This memo is part of a series written for SSN Forum on the November 2014 Election.

The last truly consequential midterm election was in 1994. Absent the most unexpected outcome on November 4, 2014 will not be 1994.

Remember 1994? Republicans won control of the House of Representatives for the first time in 40 years. Under the leadership of Speaker Newt Gingrich, the Republicans passed much of their Contract with America, forcing President Bill Clinton to assert in 1995 that he was as President “still relevant.” Postscript: Bill Clinton went on to win reelection in 1996 in a walk and most of the Contract with America was passed to little or no effect.

The truth is that American elections rarely produce dramatic change – and midterm elections almost never do. The number of elections that have sharply turned the course of American history can probably be counted on one hand and they were all elections with the presidential race at the top of the ticket.

Why don’t elections bring that much change? As one of my professors was fond of saying, “the Framers set out to design a government that didn’t work very well, and they were enormously successful.” The separation of powers, including staggered elections and the Checks and Balances including the President’s veto, slow the pace of policymaking under most conditions. American public policy changes incrementally, just a little bit at a time. (And, given the success of the United States in comparison to other countries, the slow pace of American policymaking seems to have served us in good stead.)

Thus, history makes it easy to predict how the upcoming midterm elections will change the direction of American public policy. The bad news is that not much will happen. The good news is that not much will happen. What this election will do is move the political thermometer a little to the right. The midterm elections for second term presidents almost always bring setbacks for the president’s party.

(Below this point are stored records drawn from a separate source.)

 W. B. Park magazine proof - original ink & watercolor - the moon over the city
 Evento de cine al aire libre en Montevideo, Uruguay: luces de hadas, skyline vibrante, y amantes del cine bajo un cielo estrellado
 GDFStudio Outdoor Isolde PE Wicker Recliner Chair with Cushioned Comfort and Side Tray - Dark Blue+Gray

As a result, we can expect that the Republicans will pick up seats in both the House and the Senate.

Republicans already control the House of Representatives, so a small GOP increase there will have no significant impact on policy. In the Senate, Democrats are likely to lose their slim majority, but that doesn’t mean much either.

Why wouldn’t Republican control of the Senate mean much? Because all presidents who have served a second term since 1952 have presided over a divided government. Consequently, President Obama will have the same problems every other modern lame duck president has had. His days of appointing Supreme Court justices and large numbers of federal judges are probably over. So are his chances of passing groundbreaking legislation and of getting Senate ratification of treaties. Only his substantial powers as Chief Executive and Commander in Chief will remain intact.

A Republican majority in Congress may try to force the President to sign legislation he doesn’t want in order to get something the President desperately needs; for example, an increase in the debt limit. But these moves rarely redound to Congress’ favor and a lame duck President doesn’t have to play to the polls. The reality is that as long as the President has the veto and one third plus one vote in either House, the he doesn’t have to accept any legislation he doesn’t want.

Gridlock is an inaccurate term to describe all this because the most essential government functions will still get done. Despite the rhetoric of the extremes, the President and members of Congress are loyal Americans, and they will make sure the military and most domestic programs continue to be funded.

Sadly, however, the divided government of today is not the divided government of the 1950s, 60s, 70s, or 80s, when Democrats and Republicans worked together more frequently. Yesterday’s gentle pace of policy change has slowed to an almost complete halt. As a result, lingering problems fester, rendering harm to America by a thousand cuts and furthering the public’s loss of faith in the political system. In the long run, that disappointment will be the real consequence of this year’s election.